*Directions*.
Leaving out every picture, transcribe the lines from the line that contains "Geräumiges Ferienhaus in Bibinje mit Garten" to the end of the entries below, both ends included.

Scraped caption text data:
--------------------------------------------------
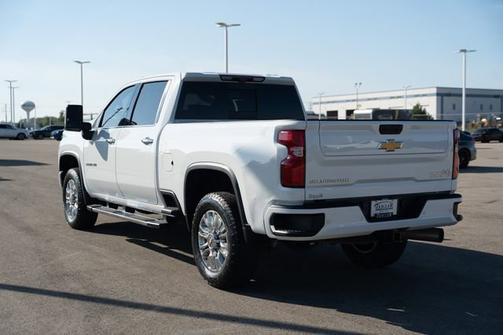 2022 Chevrolet Silverado 2500 High Country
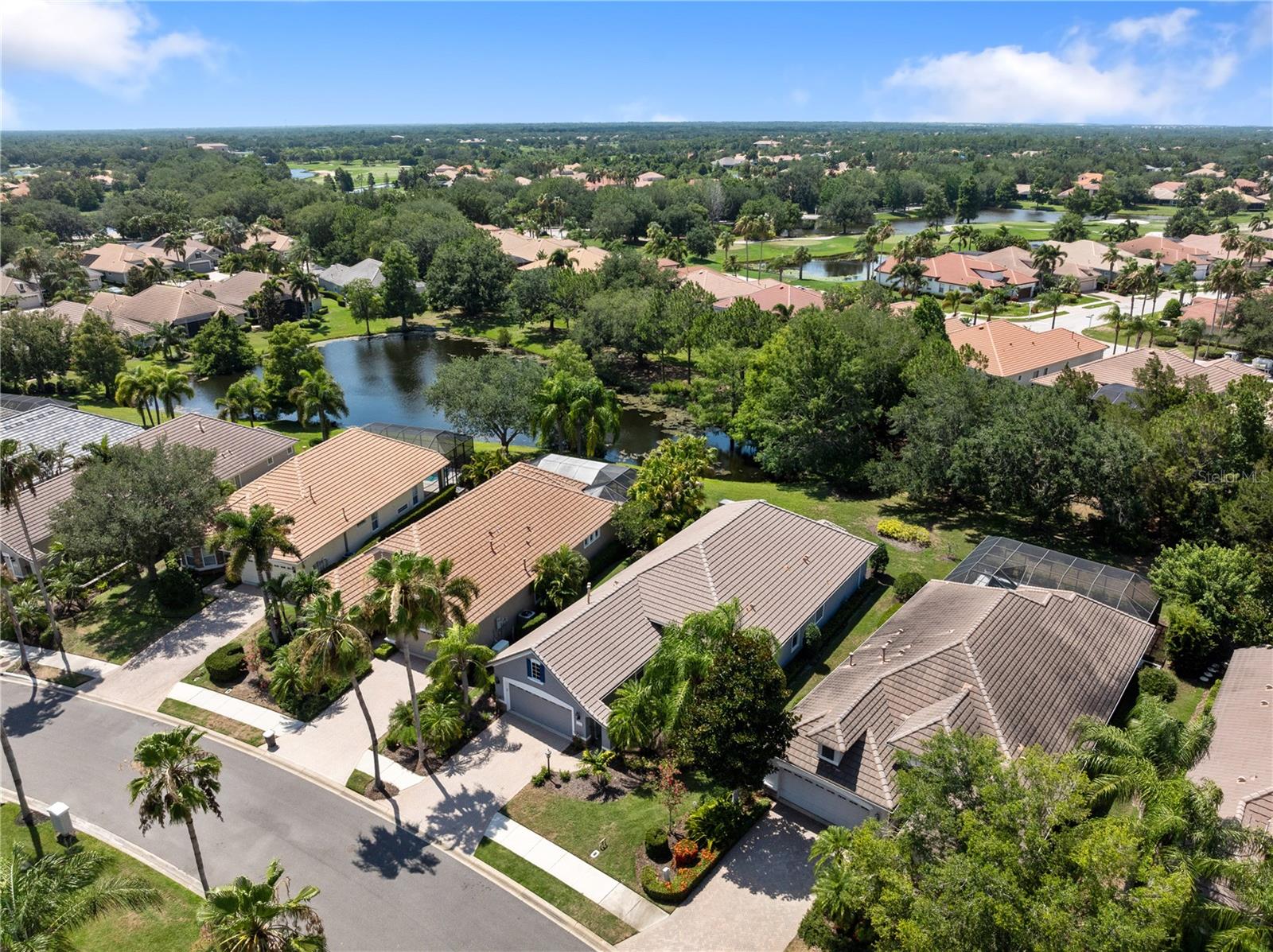 LAKEWOOD RANCH COUNTRY CLUB VILLAGE Q - Residential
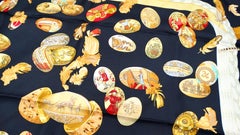 Hermes Vintage "Couvee d'Hermes" 90 cm Foulard en soie noire imprimé oeufs et plumes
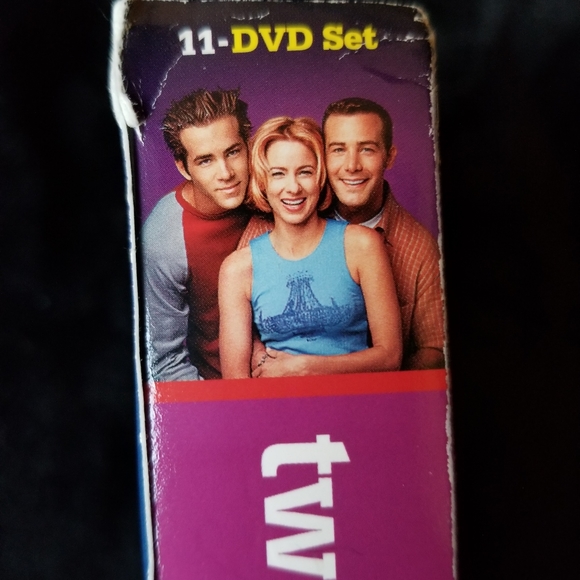 EXTREMELY RARE "Two Guys and a Girl" Complete Series DVD Box Set. - Picture 6 of 16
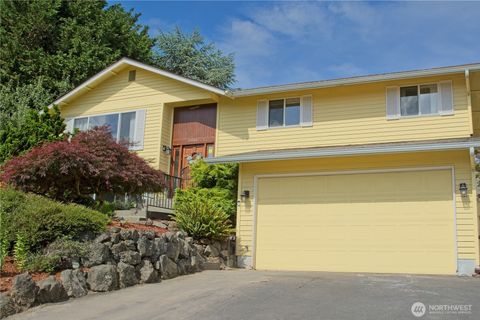 Photo of 6804 47th Avenue E, Tacoma, WA 98443 (MLS # 2552315)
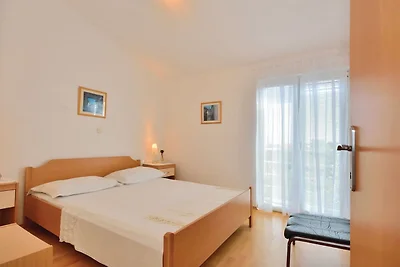 Geräumiges Ferienhaus in Bibinje mit Garten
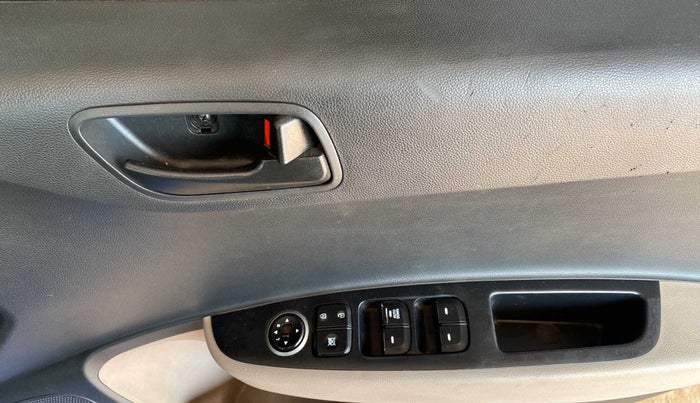 2019 Hyundai Grand i10 MAGNA 1.2 KAPPA VTVT, Petrol, Manual, 36,145 km, Driver Side Door Panels Control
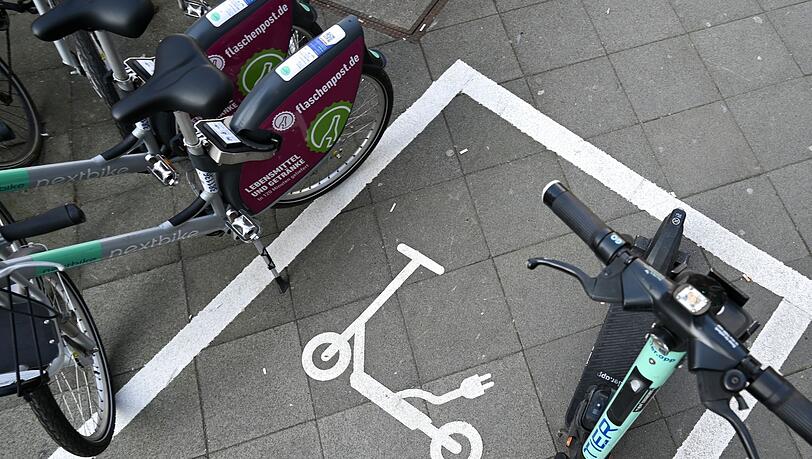 Ein Piktogramm weist auf eine Abstellfläche für E-Scooter hin. Die Stadt Frankfurt setzt seit einem Jahr auf kostenpflichtige Sondernutzungserlaubnisse für die Verleiher der Scooter.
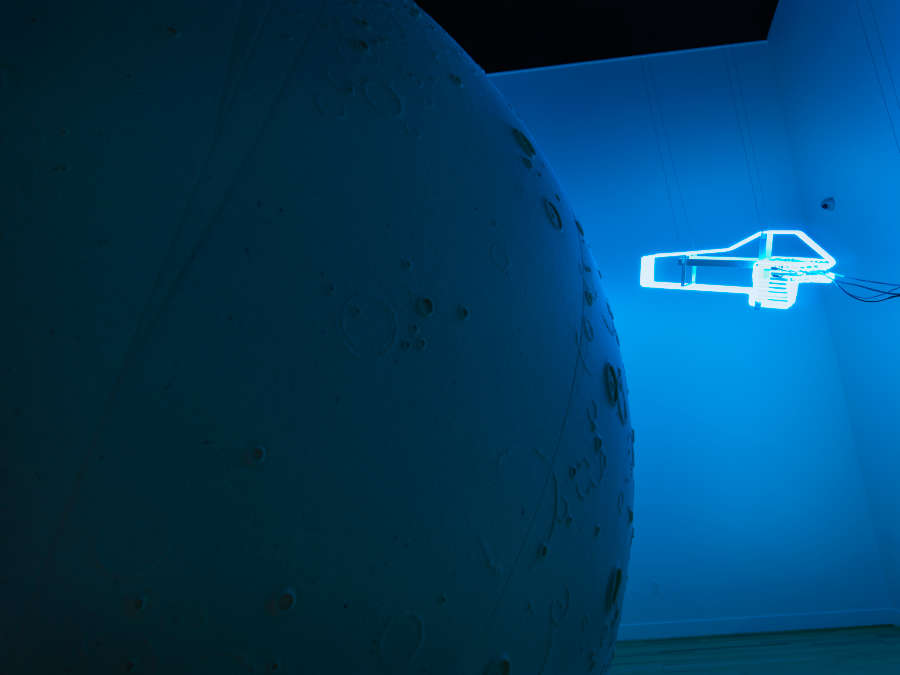 view exhibition image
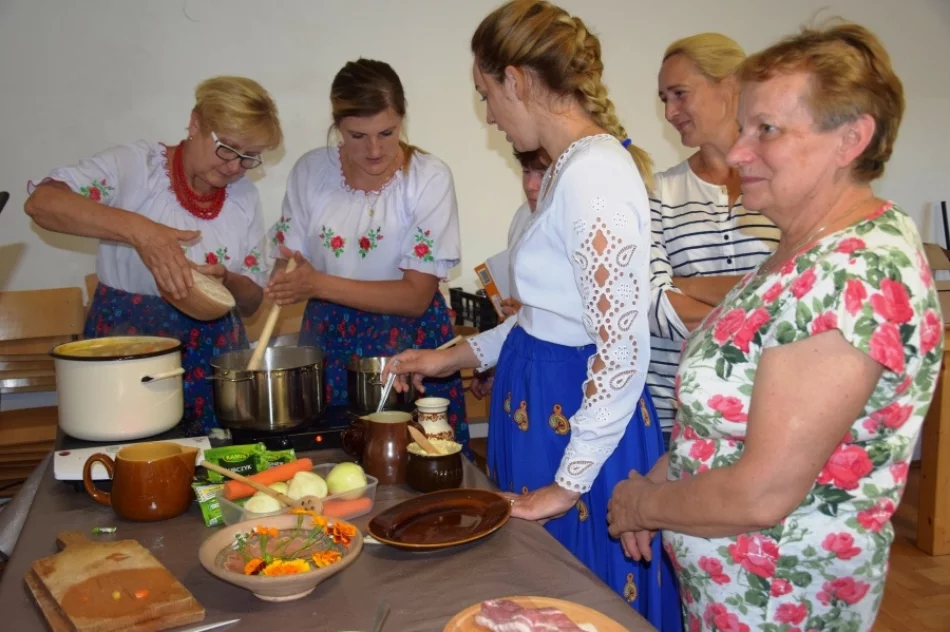 Przy zagórzańskim stole ugościły przedstawicieli branży turystycznej z regionu - zdjęcie 7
--------------------------------------------------
*Output for this exercise*.
 Geräumiges Ferienhaus in Bibinje mit Garten
 2019 Hyundai Grand i10 MAGNA 1.2 KAPPA VTVT, Petrol, Manual, 36,145 km, Driver Side Door Panels Control
 Ein Piktogramm weist auf eine Abstellfläche für E-Scooter hin. Die Stadt Frankfurt setzt seit einem Jahr auf kostenpflichtige Sondernutzungserlaubnisse für die Verleiher der Scooter.
 view exhibition image
 Przy zagórzańskim stole ugościły przedstawicieli branży turystycznej z regionu - zdjęcie 7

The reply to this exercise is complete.